Un intérêt croissant

Les Canadiens sont de plus en plus sensibles à la cause. La campagne s’inspire de l’initiative anglaise Love Food Hate Waste qui, en cinq ans, a réussi à faire chuter de 21 % le gaspillage des ménages au Royaume-Uni, signe que les choses peuvent changer.

La version canadienne vient de l’Ouest, pilotée par le Conseil national zéro déchet basé à Vancouver, et rassemble neuf partenaires à travers le pays : les villes de Toronto, Vancouver et Victoria, le District régional de Metro Vancouver, la province de la Colombie-Britannique, Walmart, Sobeys et Recyc-Québec.

Ce dernier a joué un rôle tout particulier en adaptant le slogan et les outils de promotion en français afin de rendre la campagne bilingue. « C’est important de s’allier pour aller plus loin », évoque Sophie Langlois-Blouin, vice-présidente des opérations à Recyc-Québec et membre du conseil d’administration du Conseil national zéro déchet.
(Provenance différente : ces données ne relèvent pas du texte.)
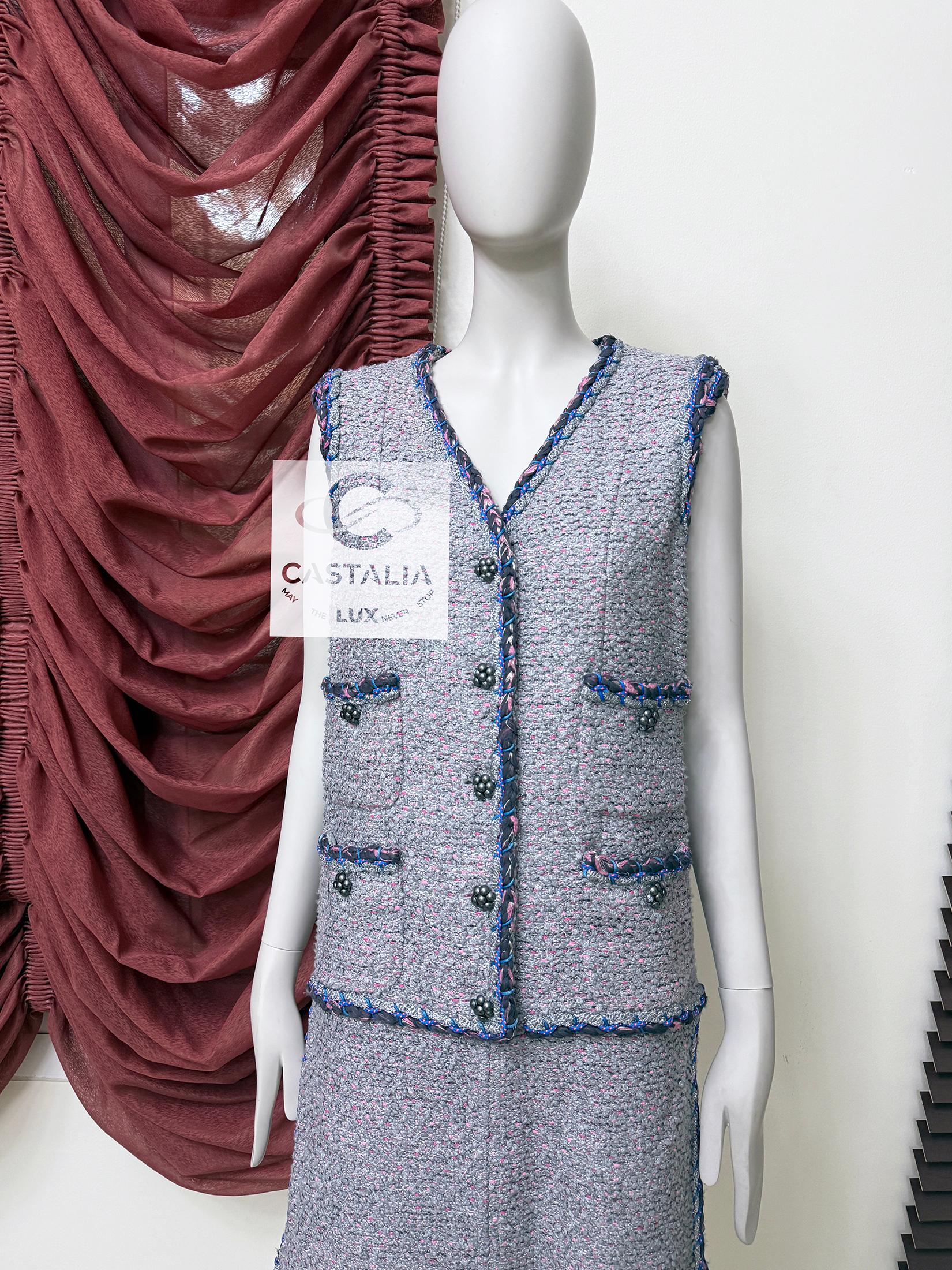 da uomo o donna 8K$ Cara Delevingne Stile Nuovo Abito in Tweed 42 FR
La société québécoise de recyclage observe un bel engouement sur les réseaux sociaux. « On est très heureux de constater l’intérêt des internautes. Il y a beaucoup de trafic sur le site. C’est vraiment une campagne qui donne le goût aux gens d’échanger et de contribuer. » Cela dit, les retombées ne seront mesurées de façon quantitative que dans trois ans par le Conseil national zéro déchet, dont le but ultime est de réduire de moitié le gaspillage alimentaire au Canada d’ici 2030.

À Toronto, 96 000 tonnes de déchets alimentaires sont produites chaque année. Éveiller les citoyens est donc essentiel pour Charlotte Ueta, responsable de la planification de la gestion des déchets dans la métropole : « Nous utilisons des graphiques, des statistiques, des affiches… La sensibilisation et l’éducation sont au cœur de la campagne. » Et l’approche semble fonctionner : « Nous sommes assez surpris par l’intensité du dialogue qui a lieu dans le monde numérique. Les influenceurs sont actifs, les gens partagent leurs conseils. »

Mieux encore, les efforts des Canadiens sont rejoints par le géant de la distribution Walmart. En 2018, la compagnie a annoncé vouloir supprimer tout déchet alimentaire d’ici 2025 au Canada. L’entreprise s’est notamment engagée à augmenter les dons aux banques alimentaires locales et à reverser un million de dollars pour la campagne Luttez contre la faim, initiez le changement.

Walmart a même promis de baisser les prix des produits dont la date de péremption approche afin d’inciter l’achat et d’éviter les pertes. « En tant que détaillant de notre envergure, nous avons un rôle unique à jouer pour résoudre le problème et pouvons aider à promouvoir un changement positif sur cet enjeu important », confie Steeve Azoulay, directeur principal des affaires publiques. Le responsable assure par ailleurs que Walmart aurait réduit ses déchets alimentaires de 23 % au Canada entre 2015 et 2017.

Si l’objectif zéro gaspillage semble encore loin, le consensus est là : il est temps que les Canadiens changent leurs habitudes alimentaires.